En abandonnant à demi-mots sa stratégie d'indépendance, le Mouvement démocrate risque de perdre sur tous les tableaux. Ses gages de compatibilité programmatique peuvent lui faire perdre son électorat traditionnel sans lui apporter le moindre secours de la gauche qui s'accomode très bien, et depuis bien longtemps, d'un système bipolaire.

dimanche 17 janvier 2010

Alliances, régionales, énième clou dans le cercueil du Centre...

Hier, après plusieurs reports, des rumeurs sur des difficultés entre la tête de liste choisie par le bureau exécutif et la ligne fixée par le 133 bis rue de l'Université, Laurent Gérault, chef de file MoDem dans les Pays de la Loire, s'est retiré. François Bayrou a refusé tout rapprochement avec l'Alliance Centriste, le parti de Jean Arthuis. Anatomie d'un échec.

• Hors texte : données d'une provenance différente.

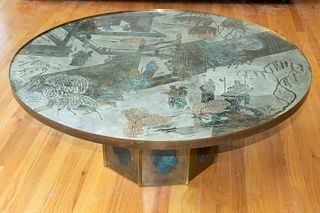 PHILIP & KEVIN LAVERNE ?CHAN? BRONZE COFFEE TABLE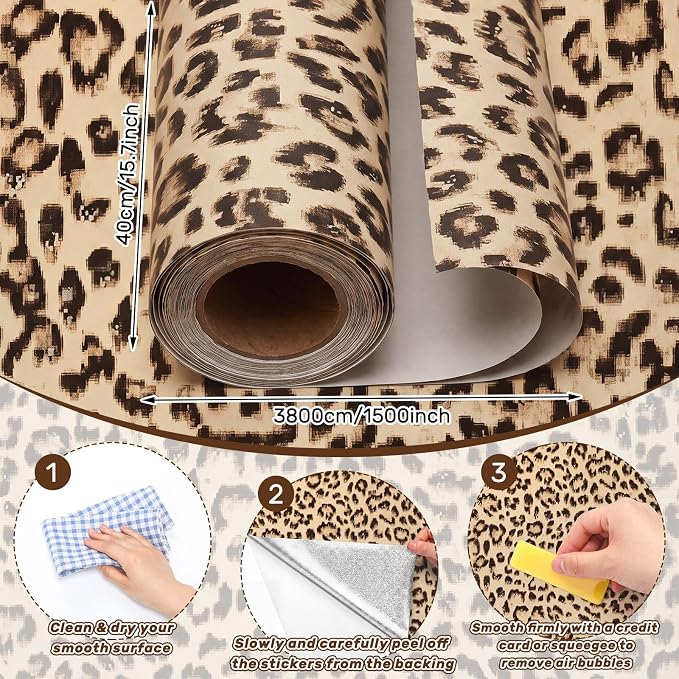 Drydiet Leopard Print Wallpaper Peel and Stick Contact Paper 15.8 x 1500 | Self Adhesive, Cheetah Print Design, Easy Apply Remove, Wall Sticker for Home Locker Dorm Classroom Living Room Decor - Image 2
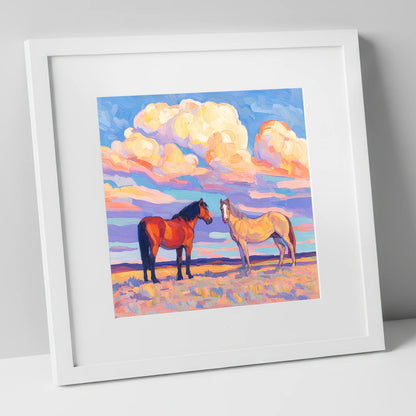 Under Painted Skies horse landscape art print in white frame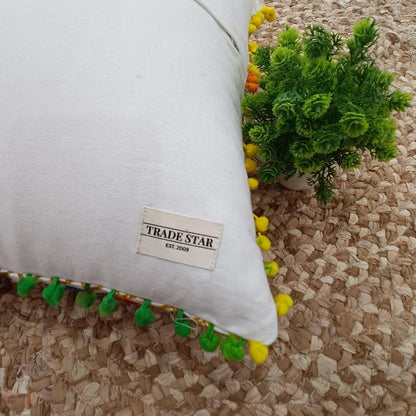 Trade Star 100% Cotton Pillow Cover, Embroidered Modern Elegant Lumbar Decorative Pillow Case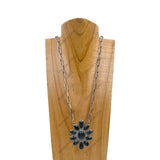 NKY240125-01-BLUE                             23 inches silver metal chain with large blue turquoise stone flower concho pendent Necklace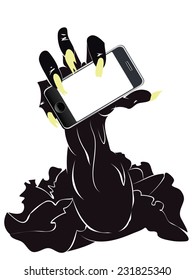 Cartoon Zombie Hand Holding The Cell Phone.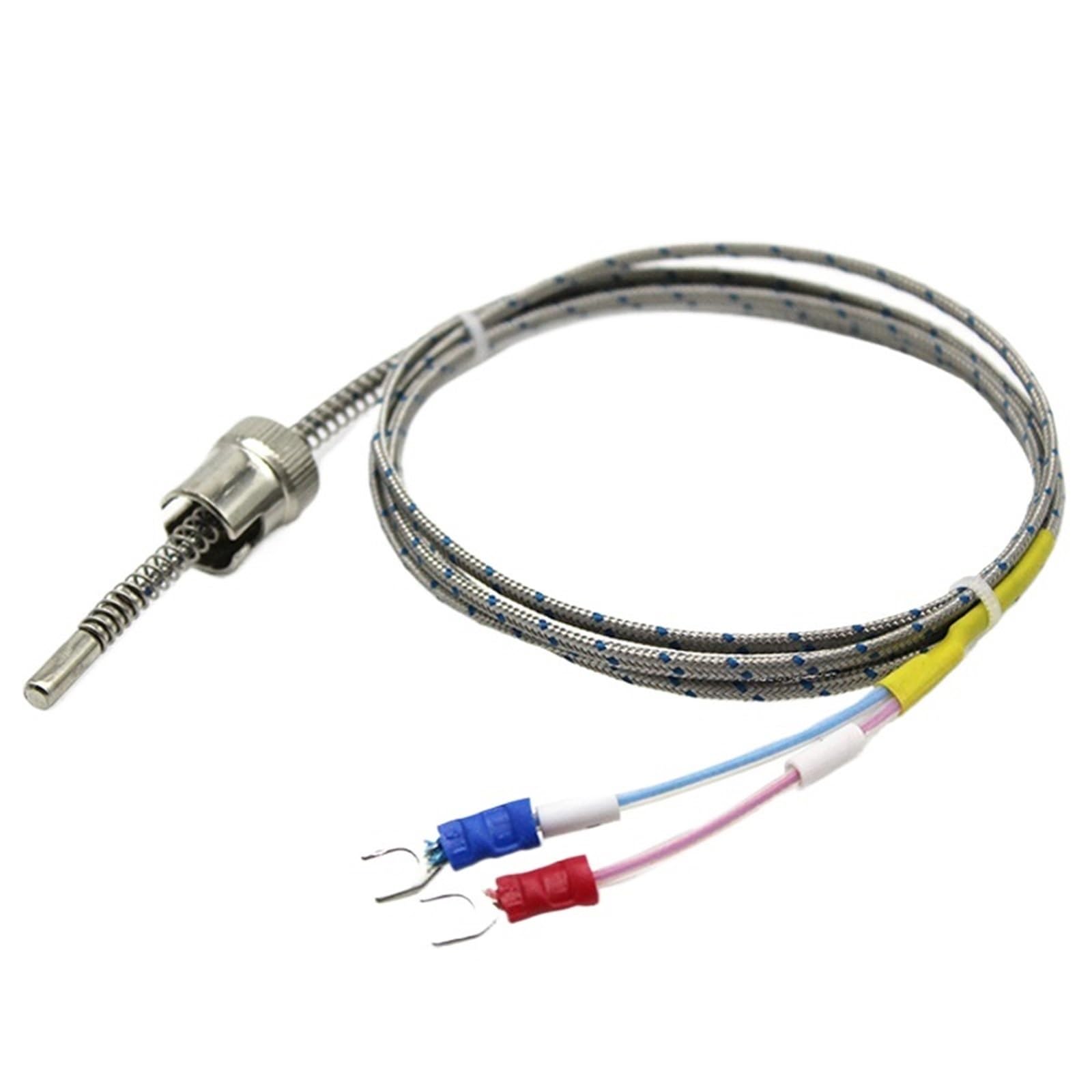 Riswekfw K 5M Thermocouple K/E 1M/2M/3M/4M/5M Compression Spring Shielded Wire M12 Temperature Sensor For Controller(K 5M)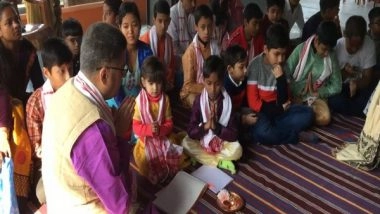 India News | Dibrugarh: Children Take Part in Saraswati Pooja for the First Time Since Covid-19 Pandemic Broke out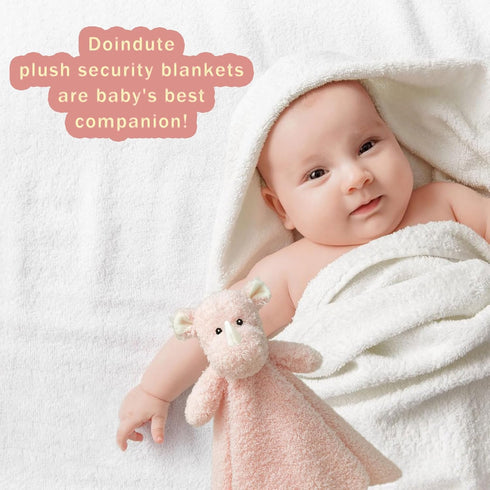 Baby Pink Rhino Soft Stuffed Animal Security Blanket, Plush Rhino Lovey, Cuddly Newborn Snuggle Blankie, 14"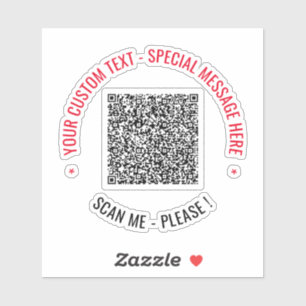 QR-code scaninfo aangepaste tekst sticker sjabloon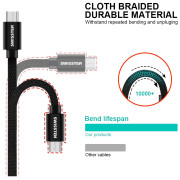 Kabel do ładowania i przesyłania danych Swissten Textile USB / USB-C 2 m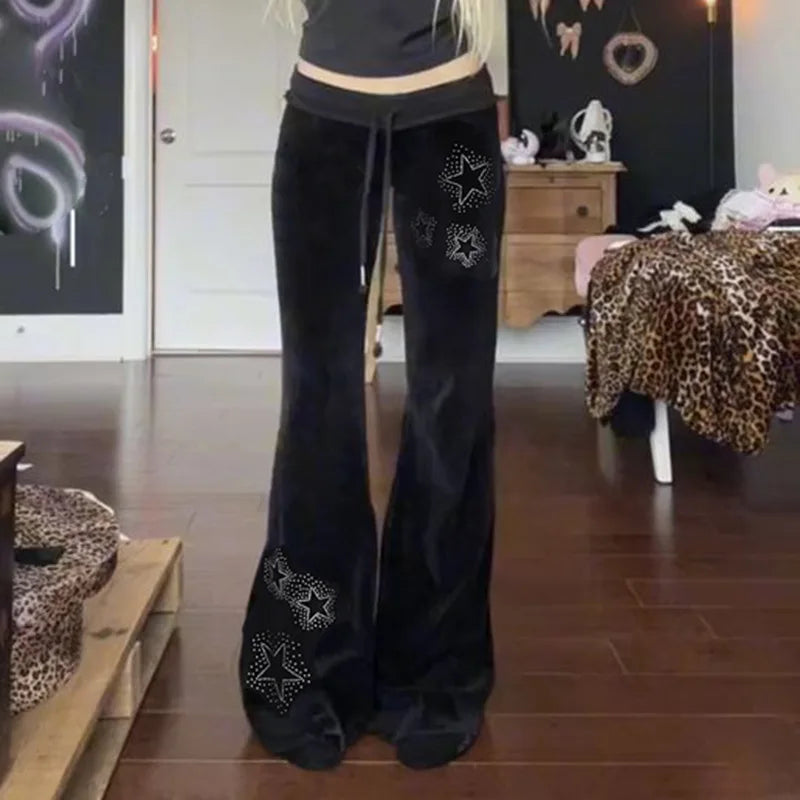 AltGoth Y2k Streetwear Gothic Velvet Pants Women Dark Cyber Punk Harajuku Grunge Pentagram Printed Low Waist Stright Pants Femme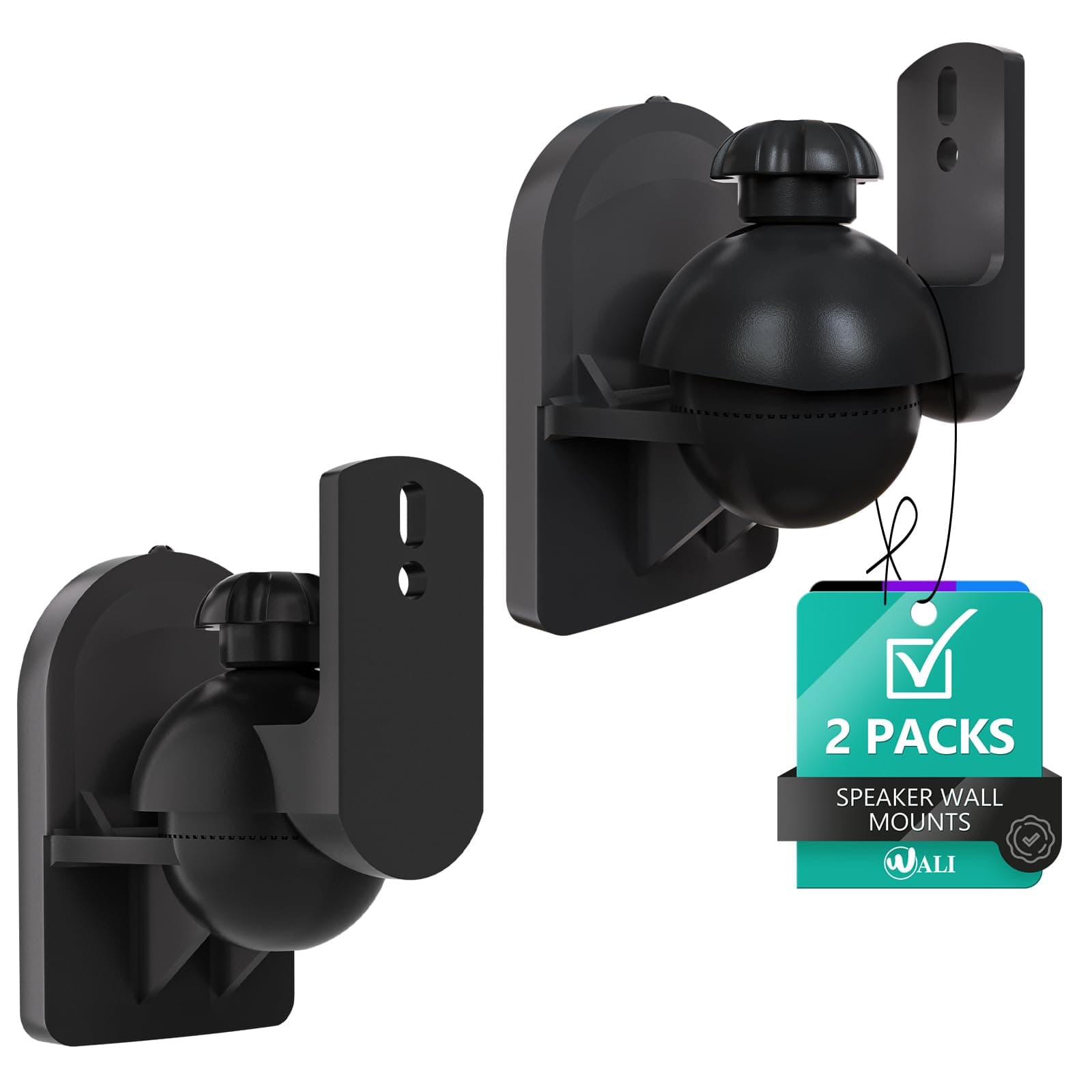 WALI Speaker Wall Mount, Surround Sound Speaker Stand with Adjustable Swivel Tilt Angle, Small Bookshelf Speaker Mount for Living Room, Home Theater, Hold up to 7.7 Lbs, (SWM202), 2 Pack, Black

La raison invoquée pour ce refus a trait au second tour. Jean Arthuis aurait voulu s'allier avec l'UMP. Première manipulation dans la communication démocrate : ils brandissent leur autonomie (qui est commune au projet d'Arthuis au premier tour), la pureté de leur stratégie, tout en évitant soigneusement de préciser que c'est pour mieux s'allier au PS (vous savez l'alternance, les majorités nouvelles...). Un mot pour Jean Arthuis. Il n'a jamais fait mystère que son cœur entre le PS et l'UMP penchait plutôt pour le second, mais dans la stratégie politique clairement et officiellement publiée sur le site de l'AC, il laissait la porte ouverte à l'autonomie pour les deux tours. Cette éventualité n'a pas été du goût de tout le monde semble-t-il. Cependant, en fermant la porte à ce type d'accord, le parti de François Bayrou commet une triple erreur.


Tout d'abord, ce faisant, il nie l'existence d'un espace central dans la vie politique française. Certains expliqueront que le MoDem n'est pas centriste... qu'ils écoutent un peu mieux leur leader. François Bayrou parle encore de centre, de centriste (parfois progressiste...). Toutefois, en infléchissant sa stratégie des présidentielles (on parle avec tous ceux qui se rapprocheraient du projet humanisto-démocrate) pour ne rechercher qu'une alliance avec la gauche, il succombe aux charmes du bipolarisme. La négation absolue du centre, et pour ma part, la négation du projet bayrouïste. Vous savez ce mensonge démocratique... mais les belles déclarations n'ont pas franchi les Alpes. Ce qui est le plus dommage, c'est que le refus de toute alliance avec l'UMP devient un principe intangible. À croire qu'il n'y a pas un seul candidat UMP qui ne puisse être un bon président de région, proche des préoccupations démocrates. Vive le manichéisme.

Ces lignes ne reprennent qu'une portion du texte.